The redistributor, being part of the core, handles the delivery
of an interrupt to the core (specifically asserting either the FIQ
or IRQ signals that cause entry to the IRQ or FIQ exception
handlers). The redistributor tracks the current running priority
(which is directly associated with the priority of the current
active interrupt, when not processing an interrupt, the current
running priority is called the IDLE priority and doesn't block
delivery of any interrupts). The redistributor communicates changes to
the RPR to the distributor, which will hold any interrupt that
is not eligable for delivery (for any reason, including lack
of priority). There is no way for software to change the
RPR - it only tracks the priority of the currently executing
interrupt.

+-------------------------+
| PCI Device |
+-------------------------+
| MSI-X message (address: GITS_TRANSLATER control register)
| (payload: Interrupt number (0 to N))
v (sideband: streamid)
+-------------------------+
| Interrupt Translation | (DRAM tables: Device, Collection)
| Service | Lookup streamid in device table.
| | DT refers to Interrupt Translation Table
| | Translate inbound payload based on ITT to an LPI
| | Collection table identifies target core +-------------------------+
| Internal message from ITS to redistributor for target
v
+-------------------------+
| Redistributor | (DRAM table: LPI properties)
| | Lookup LPI properties, contains priority and enable bit
| | If not enabled or priority too low,
| | store in LPI pending table (also DRAM) [*]
| | If enabled, unmasked at the CPU interface
| | and priority higher than RPR, assert FIQ
| | or IRQ signals to core. +-------------------------+
| IRQ/FIQ signals
v
+-------------------------+
| Core | Check PSTATE IRQ and FIQ mask bits
| | IRQ/FIQ can be routed to EL1, EL2 or EL3
| | by per-core control bits. Update
| | core state appropriately and enter ISR +-------------------------+

[*] as core RPR and signal masks change, the ITS re-evaluates pending
[**] LPI properties and pending bits are generally cached in the
redistributor for performance.

A single device (such as a SATA drive) might have a queue of
outstanding commands that it services in whatever order it
thinks best. Many of these commands want to inform some core
when the command is complete (or cannot be completed). To do
this, device sends a stored interrupt messages to the stored
service port.

Each SATA port has an PxIS and PxIE register. The SATA (AHCI)
controller
MSI configuration can provide one vector per port - the main
difference between MSI and MSI-X is that the interrupt numbers
for MSI must be consecutive and there is only one address;
while for MSI-X each vector has an unique address and a programmable
data (interrupt number) field. The interpretation of the data
of the MSI-X or MSI upstream write is up to the interrupt controller
and may be virtualized in the interrupt controller.

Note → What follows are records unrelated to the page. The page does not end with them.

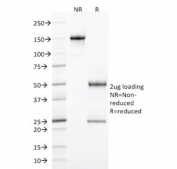 SDS-PAGE analysis of purified, BSA-free StAR antibody (clone STAR/2077) as confirmation of integrity and purity.
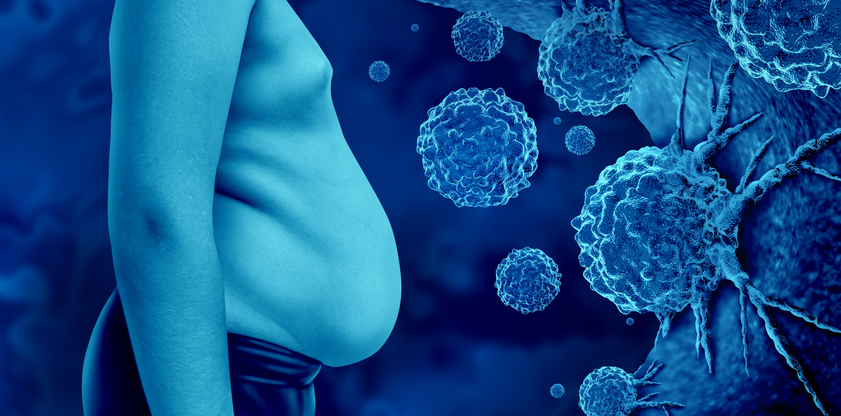 Weight problems, most cancers and the brand new restrict of therapy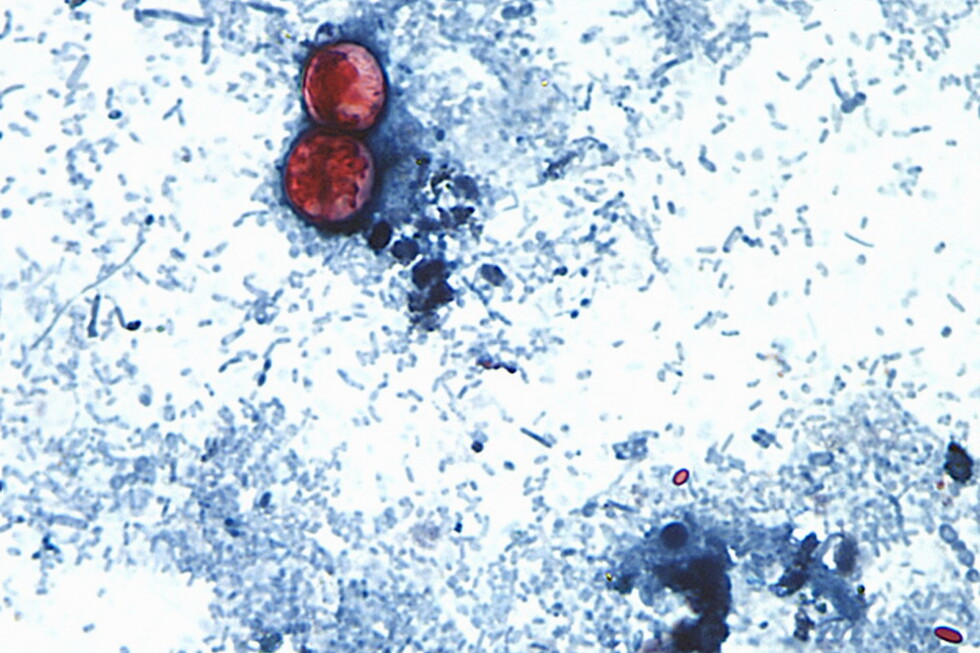 Cyclospora outbreak tied to lettuce now involves 20 US states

I see (below) that you (they) migrated all the stuff I though might
be either in the address or data to the "other side" of HostBridge.
Fair enough.

For what reason are there multiple addresses ?

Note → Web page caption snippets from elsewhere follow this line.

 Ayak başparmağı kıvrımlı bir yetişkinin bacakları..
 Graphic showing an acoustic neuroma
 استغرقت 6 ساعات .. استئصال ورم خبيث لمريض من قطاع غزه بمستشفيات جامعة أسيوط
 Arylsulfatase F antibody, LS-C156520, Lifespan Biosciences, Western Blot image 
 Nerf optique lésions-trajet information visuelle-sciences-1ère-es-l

A system may have multiple interrupt controllers. In the
case of the ARM64 systems, there may be a case where some
interrupts should be considered level sensitive, in which
case they must use SPI type interrupts which have a different
target register for the MSI-X address field when compared with
LPI type interrupts.

Recall that the PCI spec must accomodate a wide range of system
implementations (including Z-series).

From the standpoint of the PCIexpress root port, the upstream write
generated by the device to send the MSI message to the host
looks just like any other inbound DMA from the device to the
host. It is the responsibility of the host bridge and interconnect to
route the message the appropriate destination (which generally
is an interrupt controller, but just as legally could be a
DRAM address which software polls periodically).

So the message arrive at the top of the PCIe tree is RAW, then
the address gets translated by I/O MMU, and both translated
address and RAW data are passed forward to its fate.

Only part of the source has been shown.